- Input records:
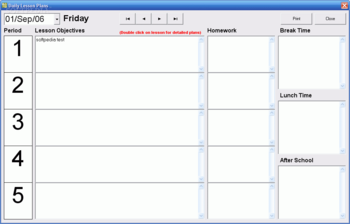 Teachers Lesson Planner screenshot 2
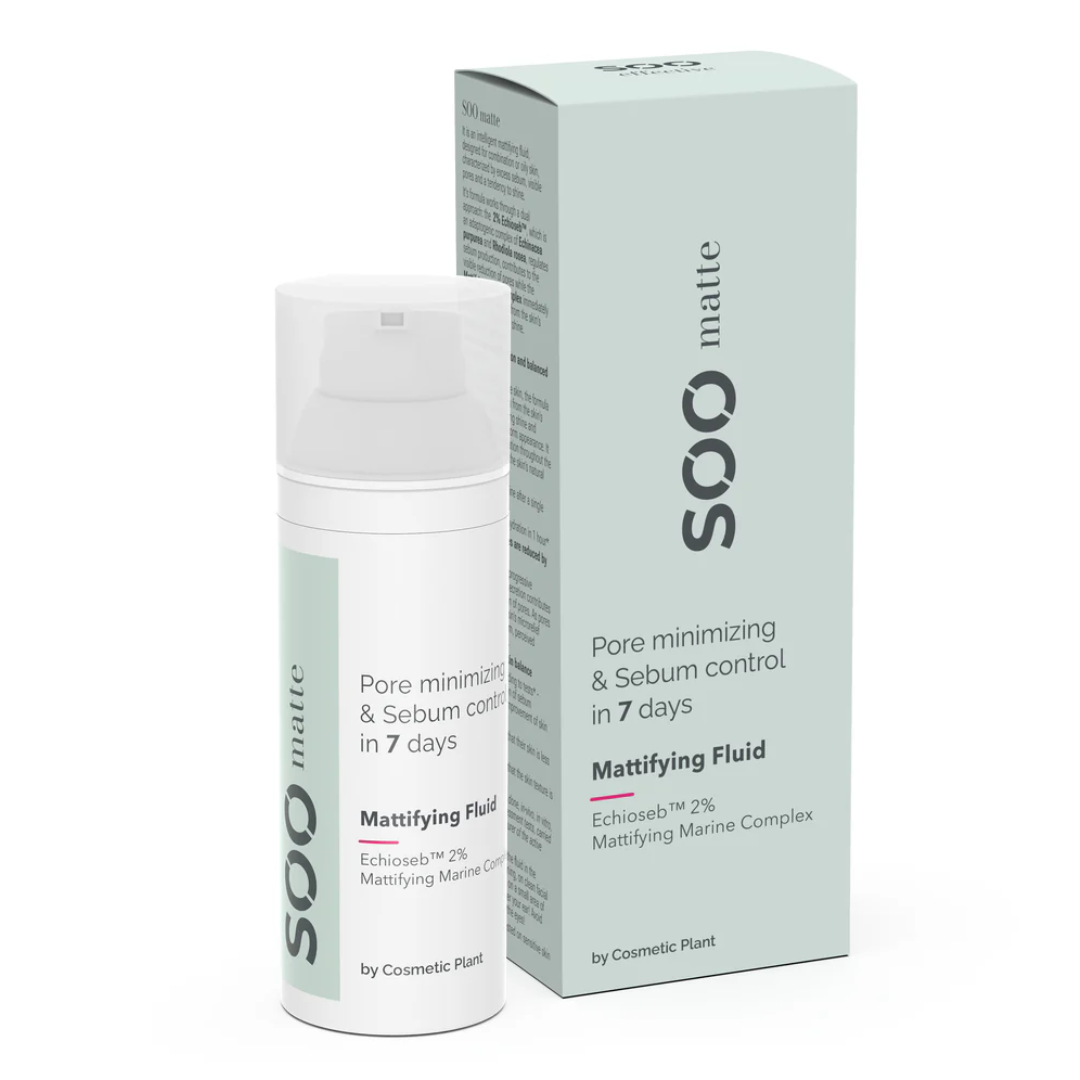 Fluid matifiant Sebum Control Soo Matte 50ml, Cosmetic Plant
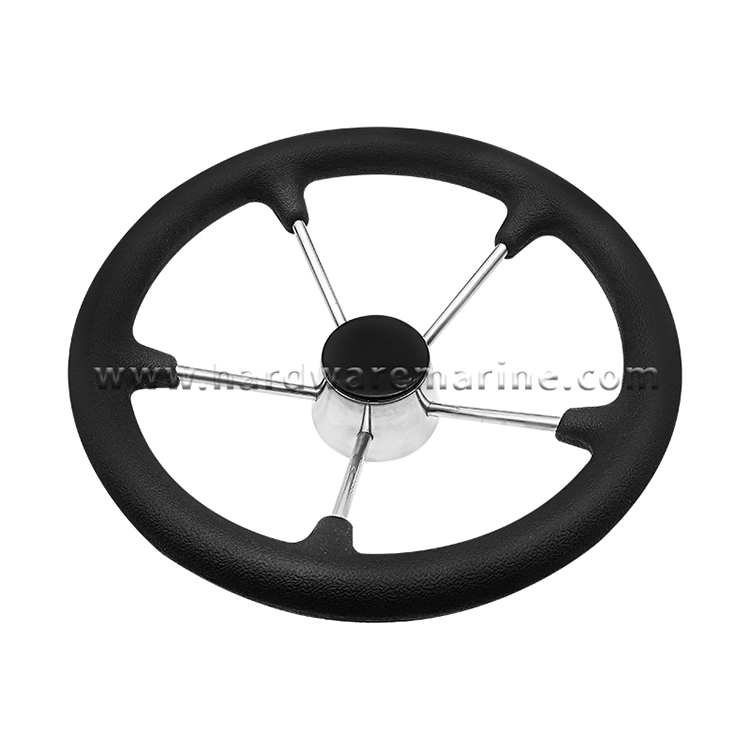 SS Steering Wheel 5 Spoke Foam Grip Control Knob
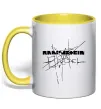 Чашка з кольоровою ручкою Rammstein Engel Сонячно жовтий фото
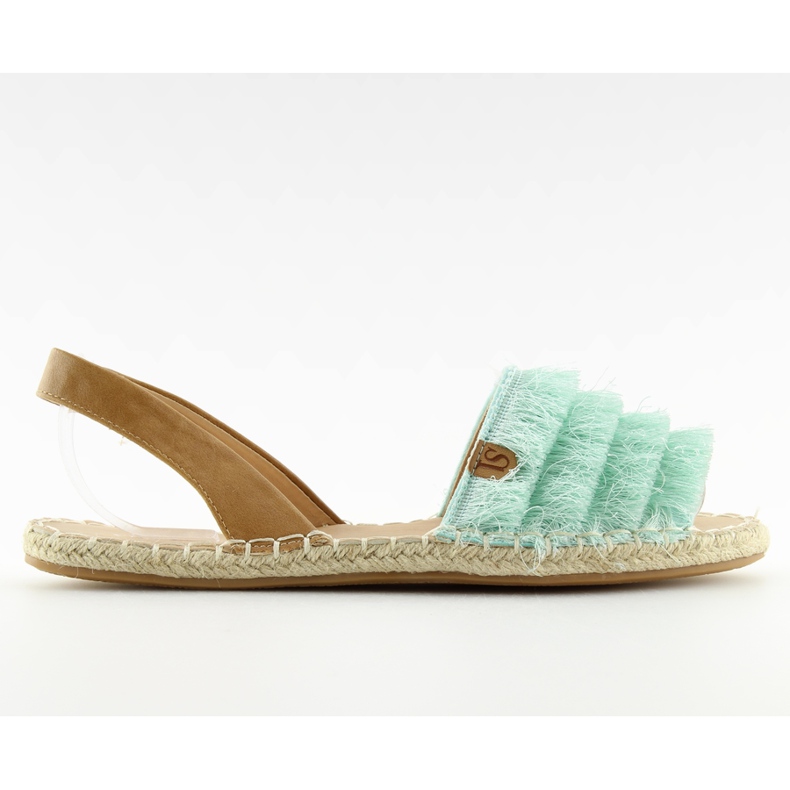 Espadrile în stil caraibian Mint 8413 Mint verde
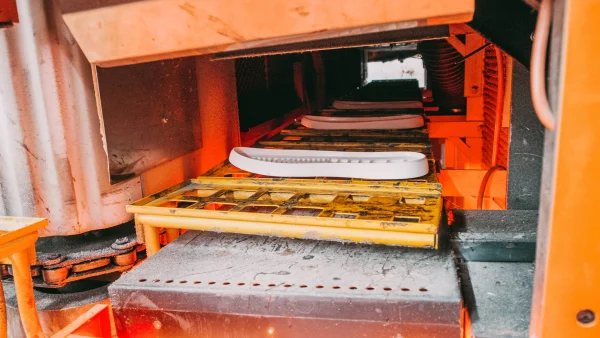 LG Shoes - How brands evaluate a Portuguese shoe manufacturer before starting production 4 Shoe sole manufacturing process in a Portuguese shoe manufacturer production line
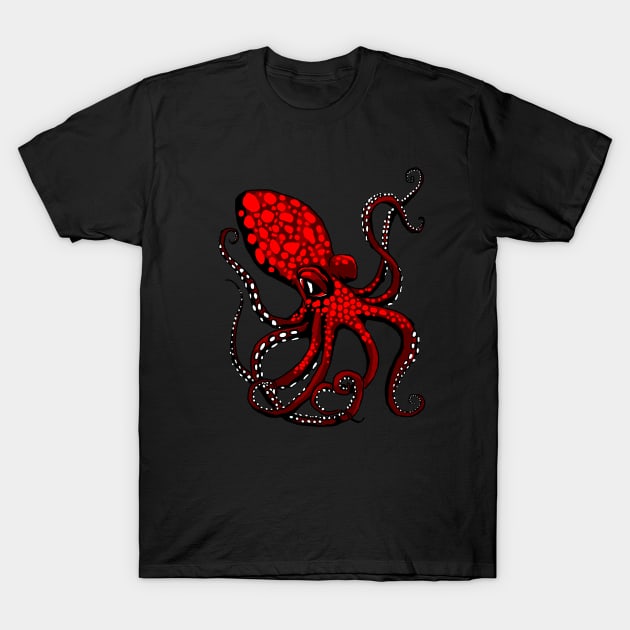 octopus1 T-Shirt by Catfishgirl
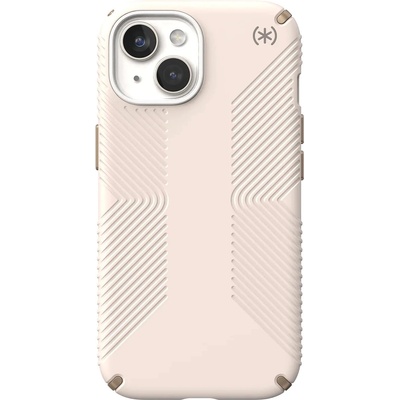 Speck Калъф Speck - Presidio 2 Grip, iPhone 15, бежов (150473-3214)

- How to complete this task:
Please retype every entry above exactly, leaving out any picture.

- Answer section:
 Teachers Lesson Planner screenshot 2
 Fluid matifiant Sebum Control Soo Matte 50ml, Cosmetic Plant
 SS Steering Wheel 5 Spoke Foam Grip Control Knob
 Чашка з кольоровою ручкою Rammstein Engel Сонячно жовтий фото
 Espadrile în stil caraibian Mint 8413 Mint verde
 LG Shoes - How brands evaluate a Portuguese shoe manufacturer before starting production 4 Shoe sole manufacturing process in a Portuguese shoe manufacturer production line
 octopus1 T-Shirt by Catfishgirl
 Speck Калъф Speck - Presidio 2 Grip, iPhone 15, бежов (150473-3214)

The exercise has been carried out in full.